[Image-text web data]

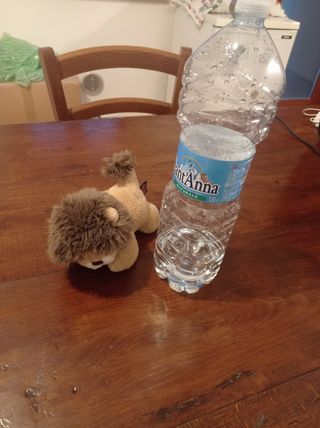 Peluche Leone Trudi anni 90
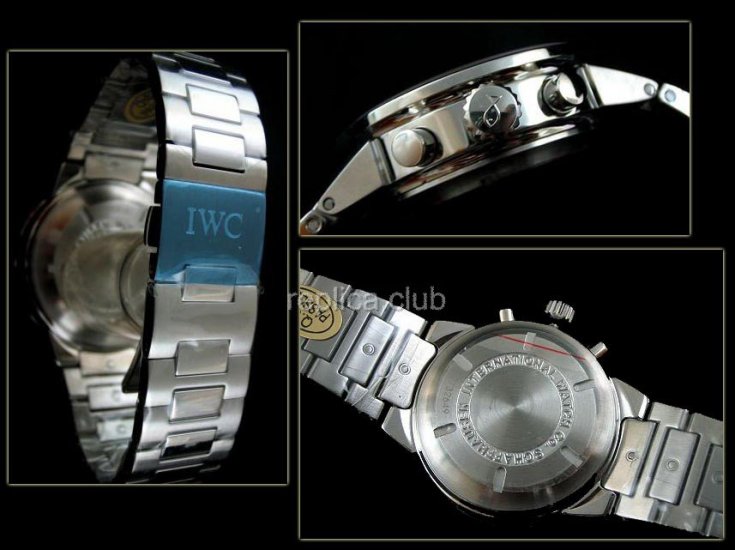 IWC GST Chrono-Split Second Ratrapante Swiss Replica Watch #2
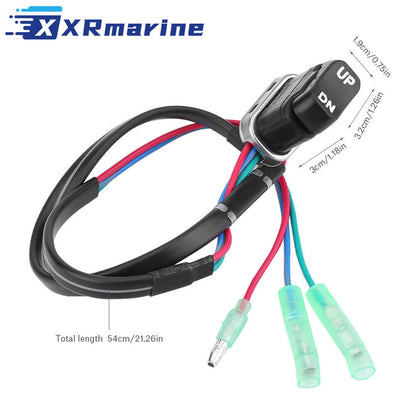 Trim Tilt Switch for Yamaha 6 15 25 40 50 150 225 HP Outb... - Image 1 - XRmarine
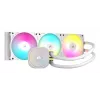 Viso vandens aušintuvas Corsair NAUTILUS 360 RS ARGB 1700 RPM Baltas
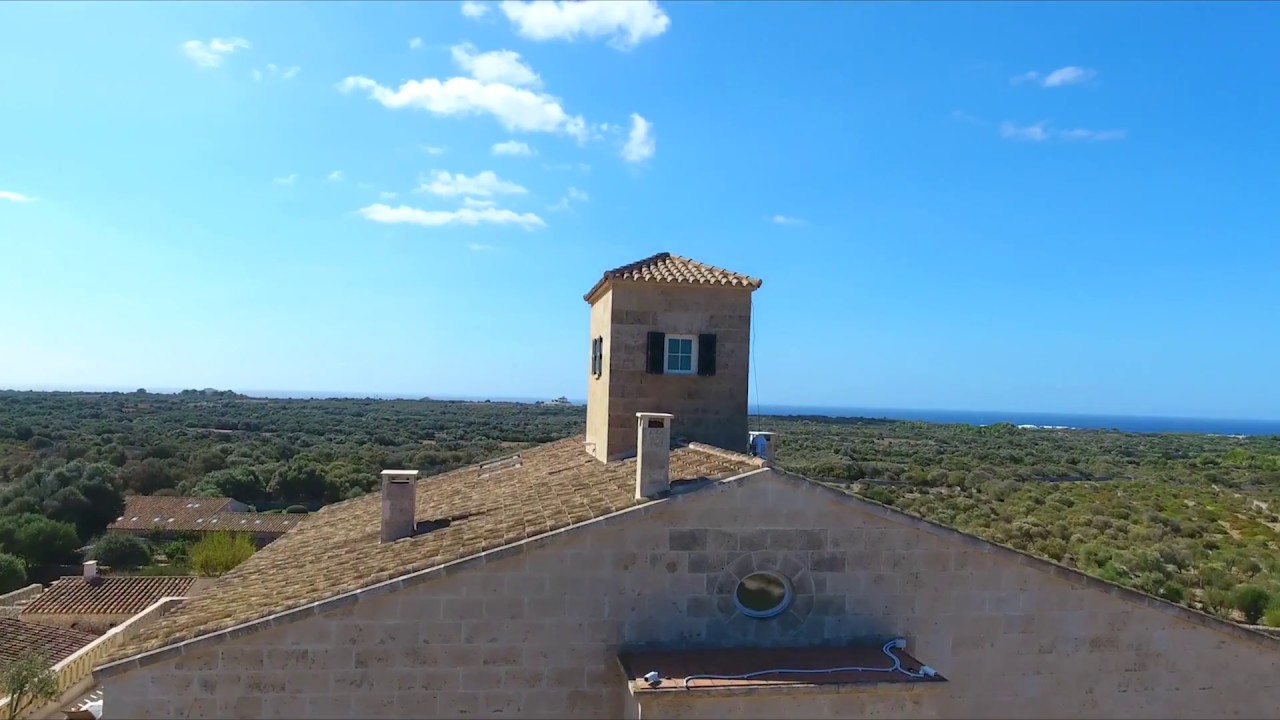 Gran Villa Cipres by Drone | Menorca | Spain | Oliver's Travels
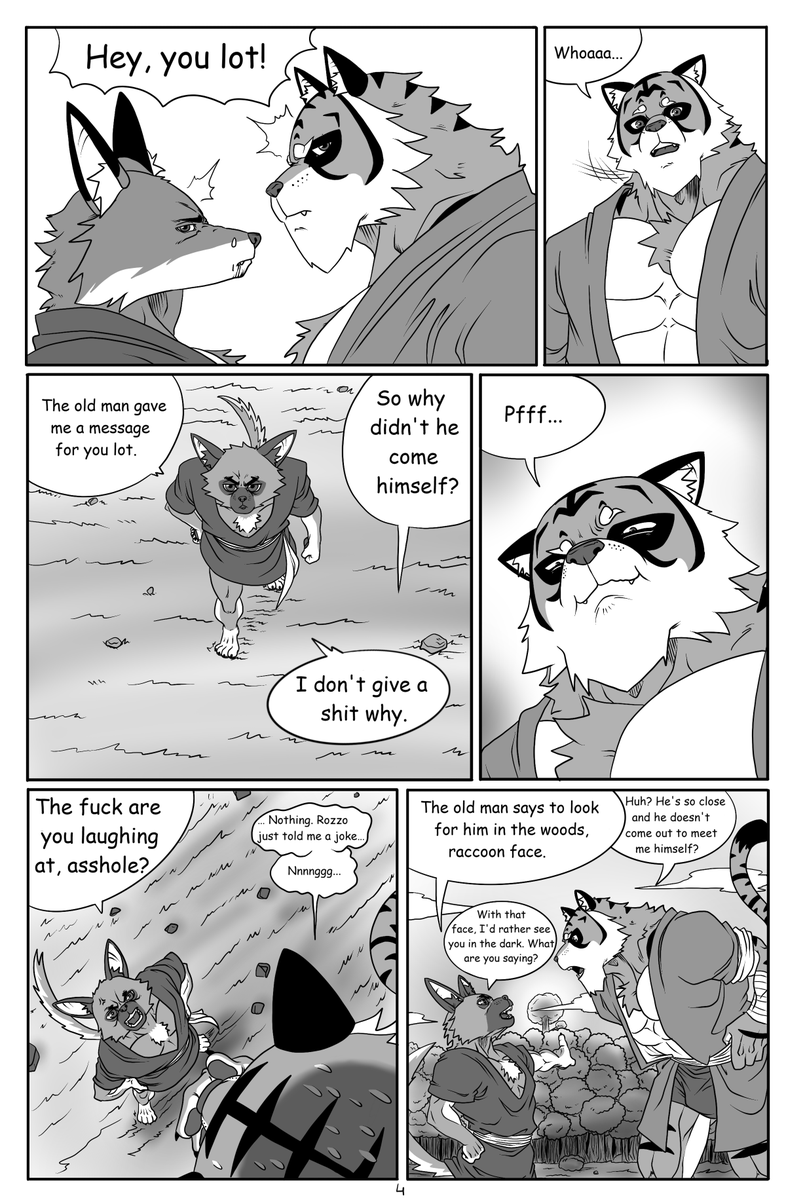 bymoi113's tweet photo. Página 4 lista 🔥
Kiwi el chihuahua y su mala leche😂
Page 4 done! 🔥
Kiwi the chihuahua and his next-level bad attitude 😂
¿Qué os parece? Dejadme vuestros comentarios para mejorar please!
#MangaFurry #FurryManga #FurryComic #FurryHumor #ComicEspañol #MangaEspañol #ArteFurry https://t.co/n65iOsbgqX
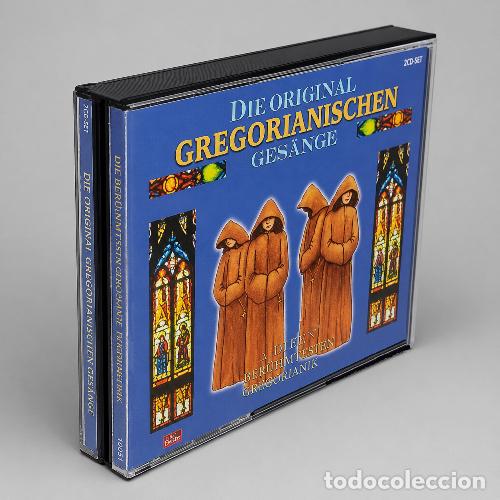 CD di Musica: [DOBLE CD SET BOX]. CANTO GREGORIANO. DE LOS ARCHIVOS DEL VATICANO.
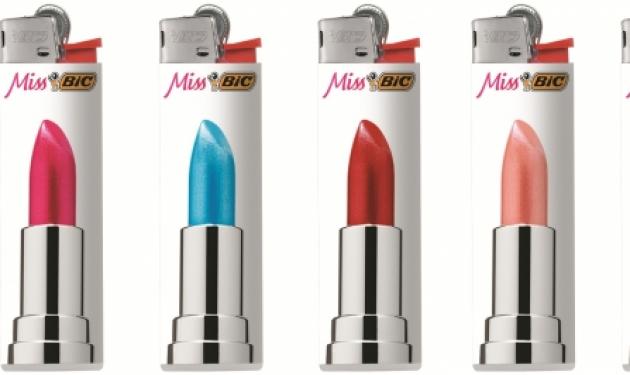 MISS BIC®: Η νέα συλλογή αναπτήρων αυστηρά για γυναίκες!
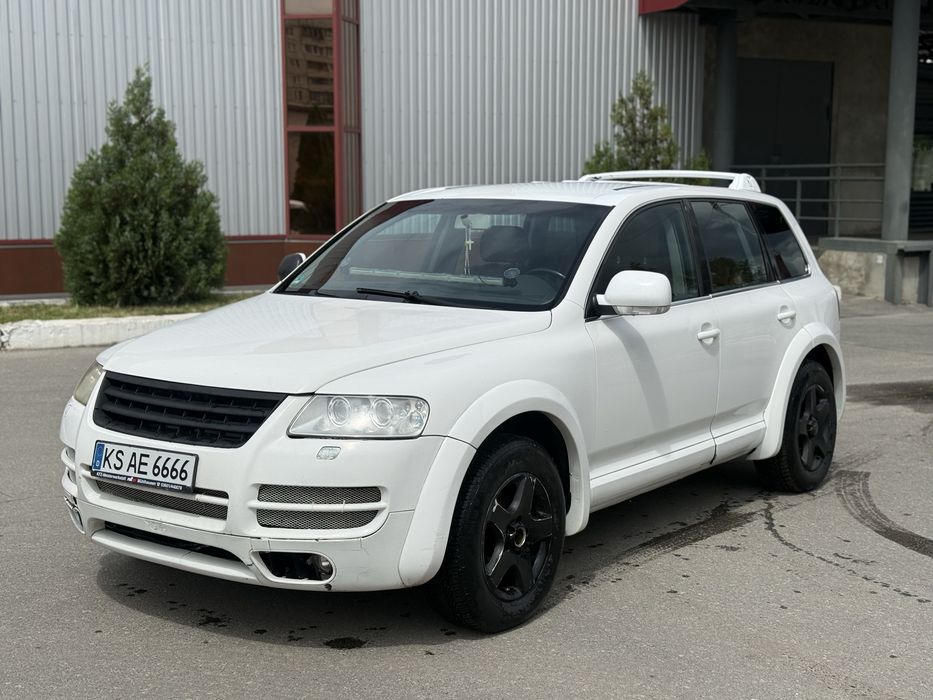 Volkswagen Touareg дизель механика на пружинах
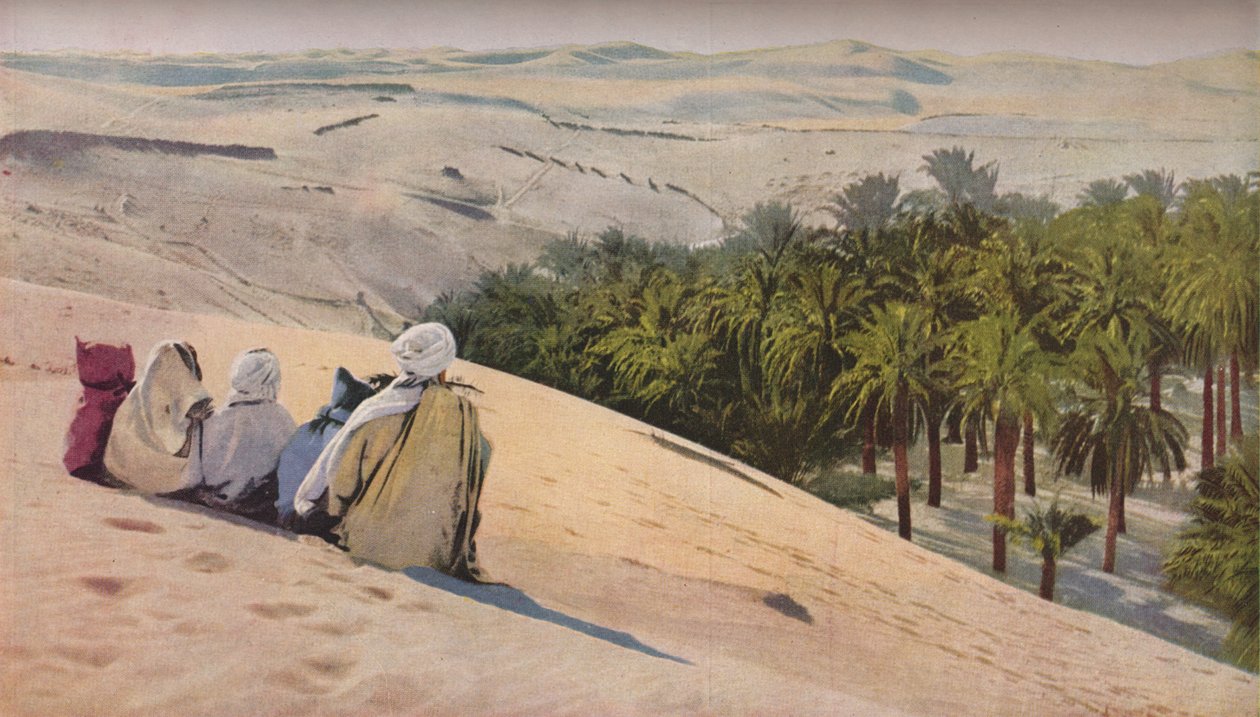 Sahara, 1930-luku tekijältä Unbekannt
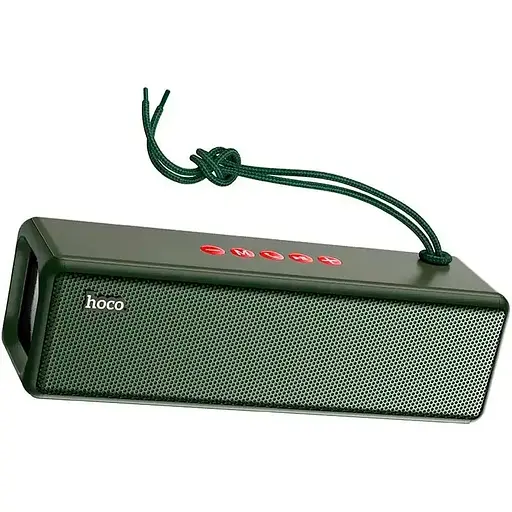 Портативна акустика Hoco HC3 Bounce Dark Green (741653) [132420]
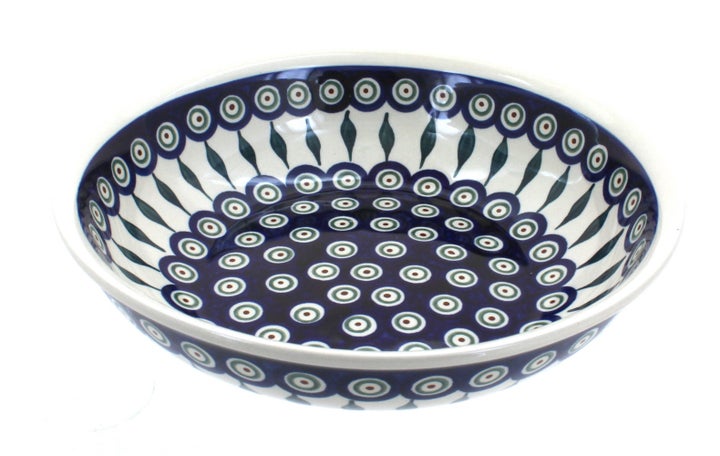 Zaklady Peacock Dining Plates & Bowls — Polish Pottery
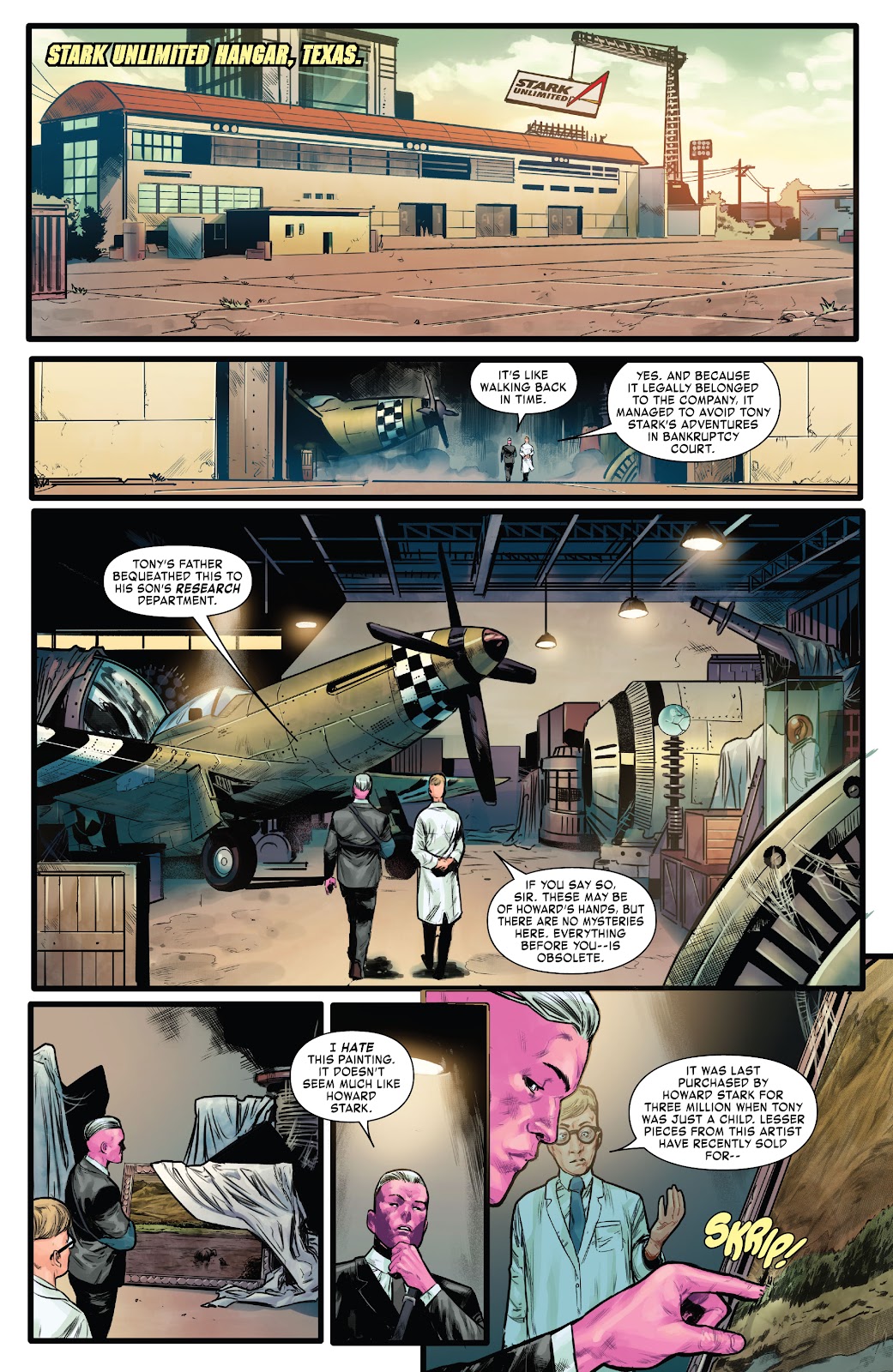 The Invincible Iron Man (2022) issue 5 - Page 10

**PROBLEM STATEMENT**
Search the data for "Kiwi". Copy every line that has it.

**EXERCISE RESPONSE**
Kiwi el chihuahua y su mala leche😂
Kiwi the chihuahua and his next-level bad attitude 😂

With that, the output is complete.